Unlike their iridescent partners, Indian peahens have mottled brown, grey, and green plumage. Their understated garb enables them to see without being seen, to blend in with the bushes and remain safe from predators while incubating eggs.
***
On one hand, I share peahens’ inclination to remain safe, to watch, to blend in with the bushes.
On the other hand, I envy their flamboyant partners’ metallic blue crests, which perch on their heads like the fascinators British women wear to royal weddings.
She smiled at my delight when she converted my favorite plaid pants into knickers. She guffawed when I exited the airport wearing a tongue-in-cheek psychedelic pantsuit. She clenched her jaw when I didn’t enthuse over her gifts of clothing during my early twenties. She sucked her teeth or shouted “Hooray!” when assessing my outfits for cousins’ weddings. She said nothing at all when she sent her long-loved suede suit shortly before she died.
***
During a recent trip to Japan, I saw thousands of statues adorned with cloth bibs, usually red but sometimes brocade, calico, or buffalo check.
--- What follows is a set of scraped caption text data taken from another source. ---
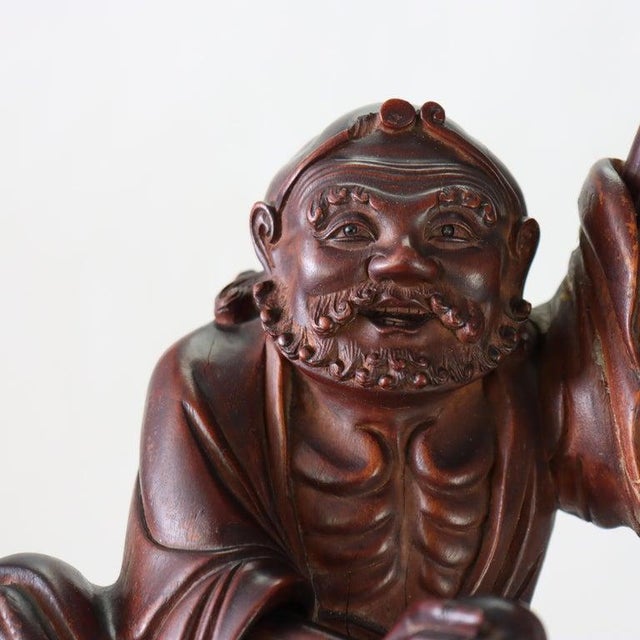 A 19th Century Chinese carved wood folklore figure, presented on a natural root wood base. This finely rendered sculpture,...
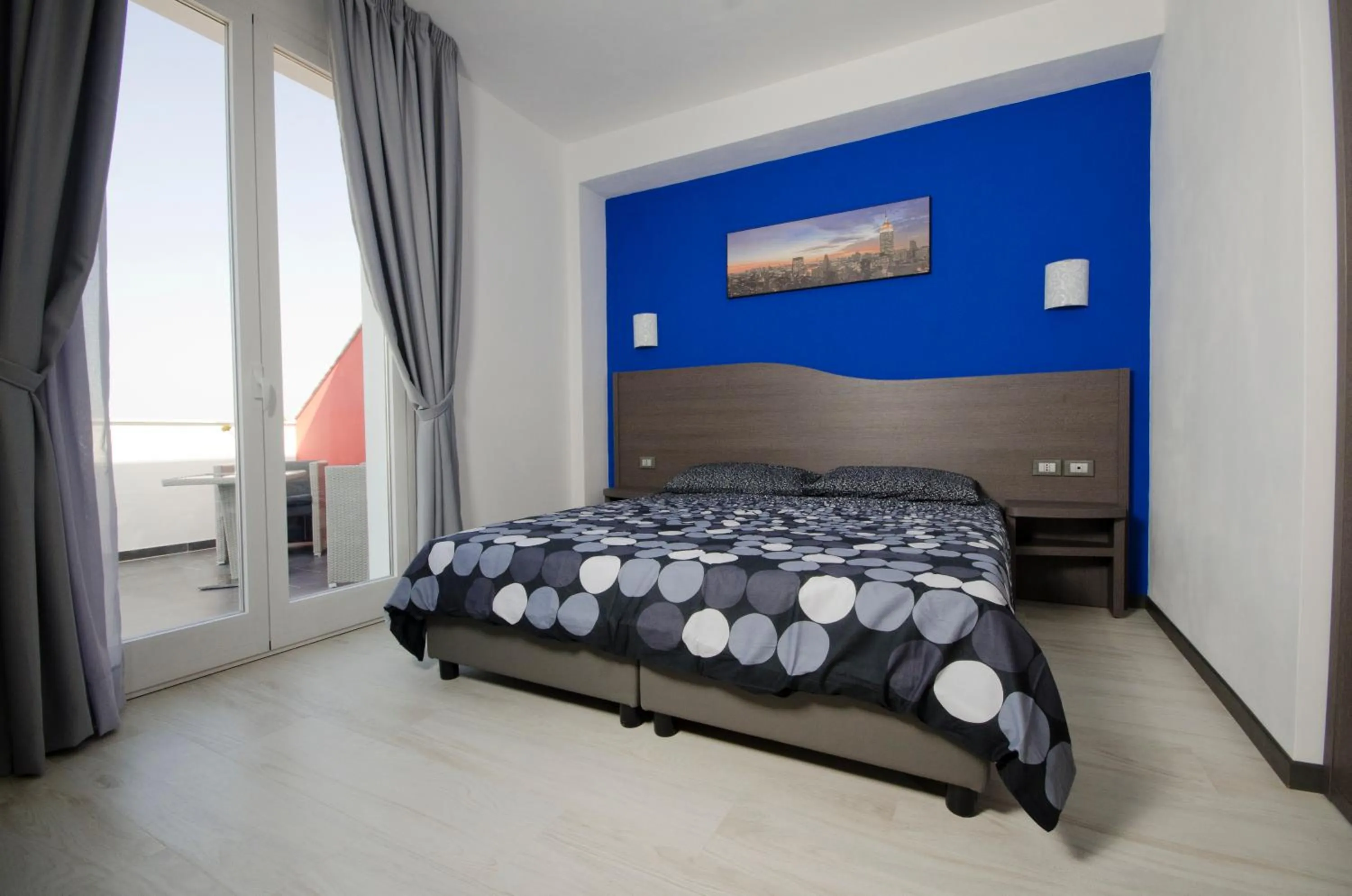 Bed in Hotel Rainbow Resort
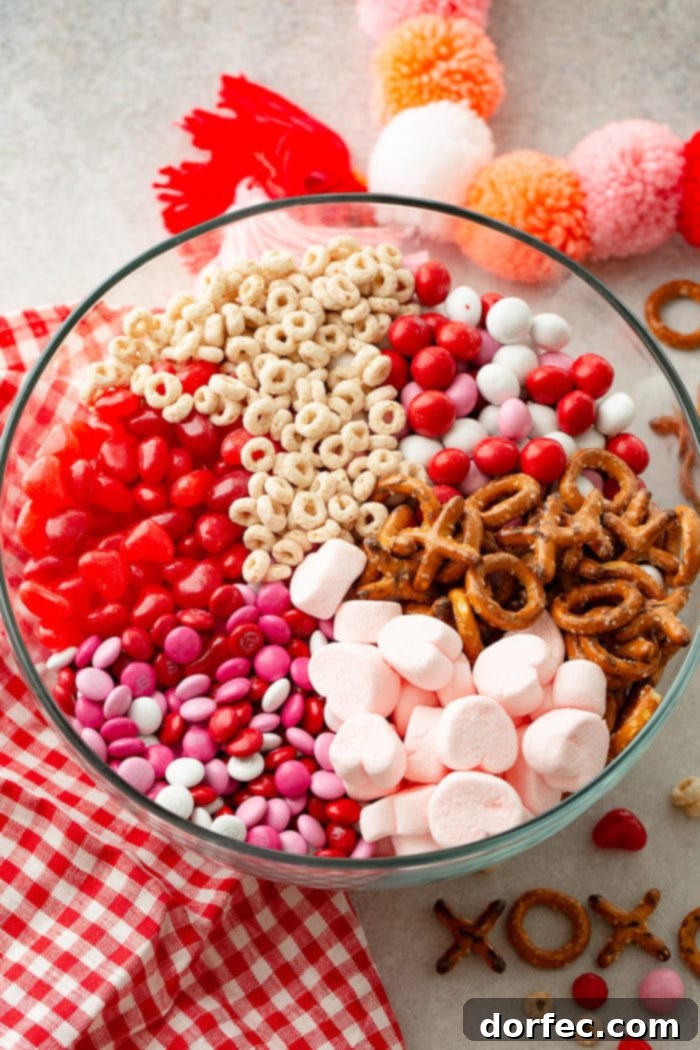 A large glass bowl filled with the festive Valentine's Snack Mix, ready to be enjoyed or packaged for gifting.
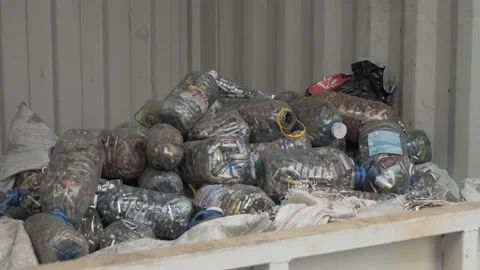 Batteries in a special container for garbage collection Stock Footage 137101972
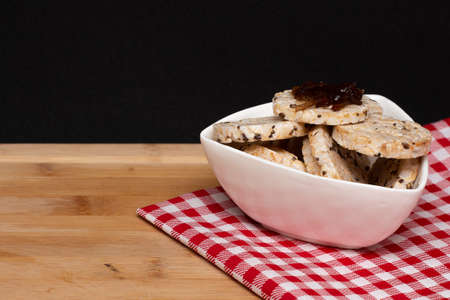 a bowl full of rice vegan cookies with jelly on the top under the fabric in a wood tableの写真素材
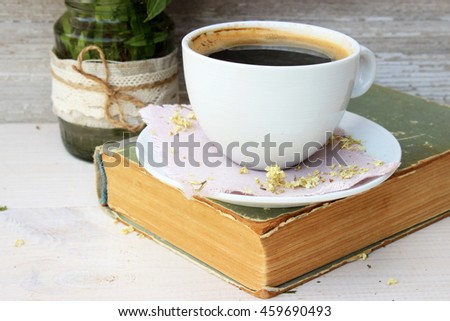 Full light composition with cup of fresh tasty coffee, vintage book with yellow shabby cover and paper. Concept for beautiful romantic morning theme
Tiny or grand, foxes or bodhisattvas, these statues—known as jizos—appear in shrines, cemeteries, and schoolyards, sometimes sporting hand-knit berets, aprons, capes, sunglasses, even makeup. Dressing a jizo—women’s work—is a means to care for aborted fetuses, dead children, childbearing women, parents in their afterlives, and the “unconnected” or forgotten dead. Though new to me, this centuries-old practice felt familiar: clothing as caregiving and protection, an oblique form of communication, tangible longing for proximity and connection amid distance, absence, and loss.
***
To redress:
to remedy or set right; to relieve from distress; to make fair and equal; to compensate for wrong or loss. From Anglo-French redresser: to set upright, restore, set straight.
***
It seemed like hunger. After endless days, months, and years of wearing drab, shapeless uniforms, women in my prison book clubs seemed hungry for color, soft textures, and beauty in any form they could find it. “Ooooh, can I touch that fabric?” they’d say, and, “I can’t wait to see your colors.” I initially planned to wear nondescript clothing so that I’d blend in with the prison environment, but I was soon wearing clothes made of velvet, brocade, and the deepest hues in my closet, hoping that a tiny bit of aesthetic pleasure might—if only for a few hours—feed women’s senses, challenge their dehumanization, make their days a little less endless.
***
What if all my ways to say—opaque or iridescent, patterned or plain, angled or straight, gathered or loose, diaphanous or coarse—were reduced to words? What word says purple Converse sneakers or sunflower-saturated sweater? What metaphor could replace my dove grey vintage blouse with a lace inset and buttons down the back? Could a song stand in for my deceased friend’s earring-cum-necklace, a tiny figure with hinged arms and legs that dance when I move? How would I say the click of my boot heel? The angle of my hat? A loud rustle, silent billowing, or barely audible swish?
***
A peacock’s gorgeous garb is all he’s got, so he makes the most of one set of feathers. During the summer, when I’m not teaching, I often wear just a few outfits that come to represent that period of time. Wearing the same clothes provides the comfort of familiarity, like baking the same pie every Thanksgiving. During the school year, though, I love the creative challenge of continually coming up with different outfits that feel like me and suit the day’s needs. When I need a boost of inspiration or confidence, I might wear my Chinese jacket inherited from a friend, made of silver taffeta embroidered with velvety, burgundy chrysanthemums. When I feel footloose and playful, I’ll go with my purple cocktail hat, purple cigarette pants, and a vintage wool jacket embroidered with purple, slate, and grey paisleys and vines. For a difficult administrative challenge? A vintage leather jacket with a chunky, diagonal zipper. For maximum coziness, a hand knit sweater dress that could double as a sleeping bag.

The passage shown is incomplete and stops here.